In Synecdoche, New York, Caden Cotard, a playwright, builds a 1:1 model of New York inside a warehouse, populates it, and tries to simultaneously portray and preempt reality. From the water-coated glass ceiling’s perennial suggestion of rainy weather to the interior foliage undulating in a non-existent breeze, Central Park is Sydney’s answer to this: a microcosmic and fictionalised vision of Sydney within four walls and a roof.
Externally, the building is innocuous: right angles, solar panels, and creeping greenery all having become baseline expectations of contemporary building developments. Like a geode or Kinder Surprise egg, it is in the interior — demarcated into levels like those of a video game — where things get interesting.
Levels ground and one are unremarkable, excepting the former’s bemusing literal interpretation of the word “pedestrian” in clustering shoe stores by the street level entrance. The food courts on lower ground and level two respectively are bizarre in their diametric opposition; the former Dining District suggesting a Sydney in which children are regularly sent to fight to the death in a state-sanctioned arena event.
The latter Central Kitchen is also oddly named; a domestic pastiche of the dining rooms of Sydney’s nonchalantly trendy, an exercise in copying and pasting wire legged barstools, timber tabletops, and coloured pendant lamps ad nauseam.
Level three — rather, l3. Central — is where the building most valiantly attempts and fails to accord some degree of authenticity to its self-conscious alternative reality.

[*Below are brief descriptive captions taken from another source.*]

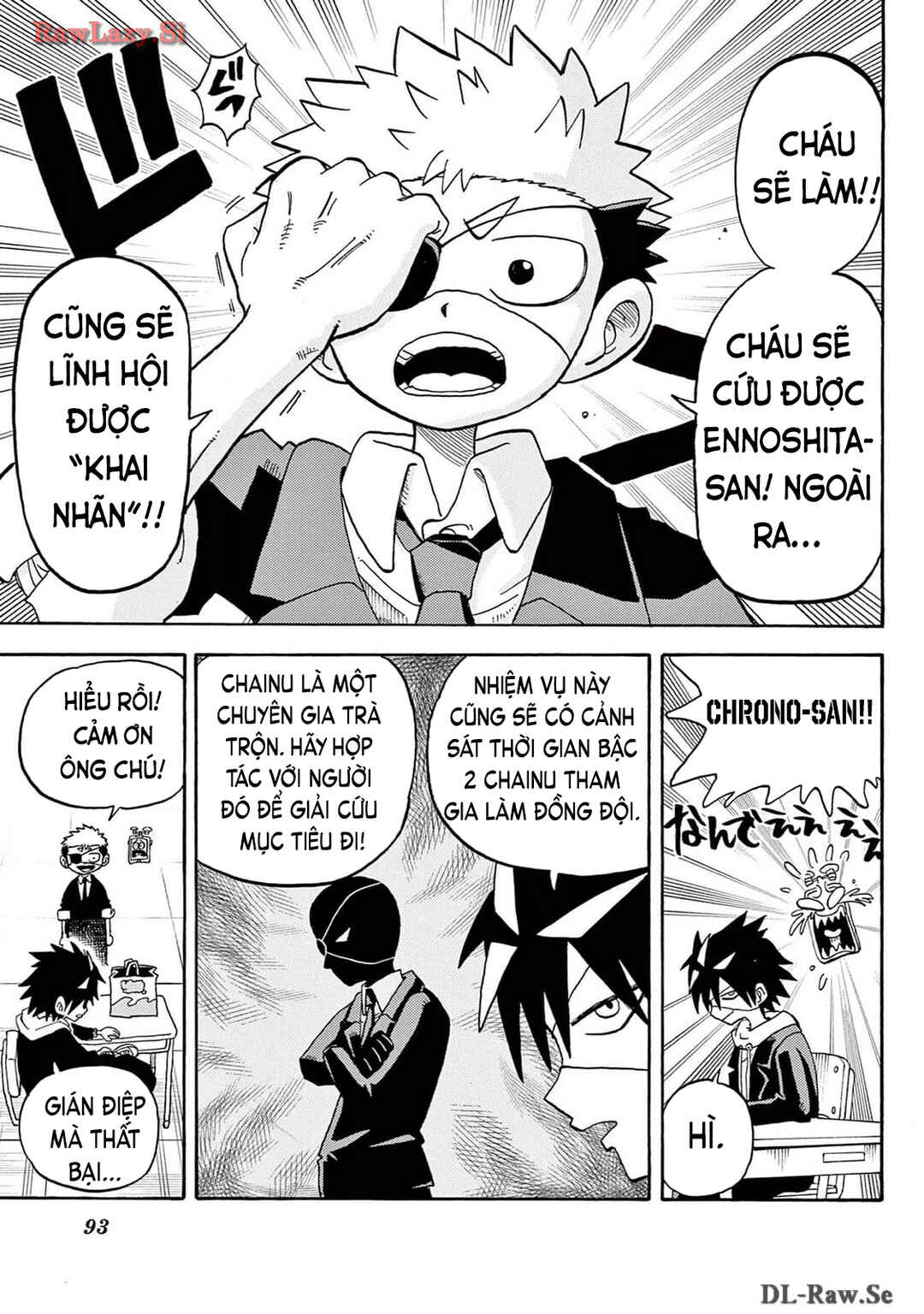 Unmei no Makimodoshi Chapter 21 - Page 23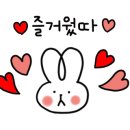 피자파파오네 이미지
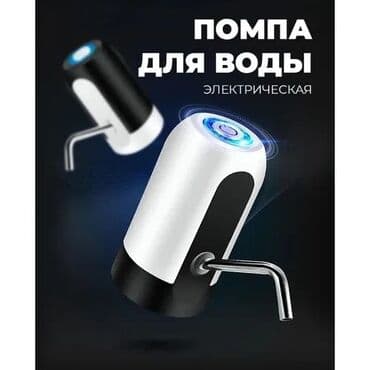 Кулер для воды, Новый, Платная доставка, Самовывоз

On chalkboards, visitors follow mundane directives like “My favourite word” or “My life in four frames” (alongside the curiously existential “Who am I fighting?”). The result, predictably, is some bastardisation of a Basquiat, where trite Facebook status fodder like “Live your dreams and don’t dream your life” floats in a sea of phalluses and block print expletives.
There is nothing to suggest the Sydney that the building’s designers have attempted to capture: like the exterior, the level could be replicated elsewhere and blend right in, for all its lack of distinctive character.
This amorphousness is reflected in the building’s many mirrors, ostensibly installed to give the illusion of scale but to questionable success: in a space as streamlined and sanitised as Central Park, what is gained by reflecting emptiness, beyond more emptiness and the reflection of a solo shopper?
As a piece of design this is telling: the measure of contemporary architecture is how well it photographs, or how good one may imagine themselves to look within it.
While Caden’s New York idealised the real city in existence beyond its walls, Central Park is a sharp-edged utopic dream vision of Sydney, which like contemporary architecture is a sleek, green, and eminently photographable departure from reality.
From whose dream does this emerge? Who dreams in fragmented, half-loaded video game levels, in reflections and fake plants and infinite emptiness? Whose dream is this, and how do we wake?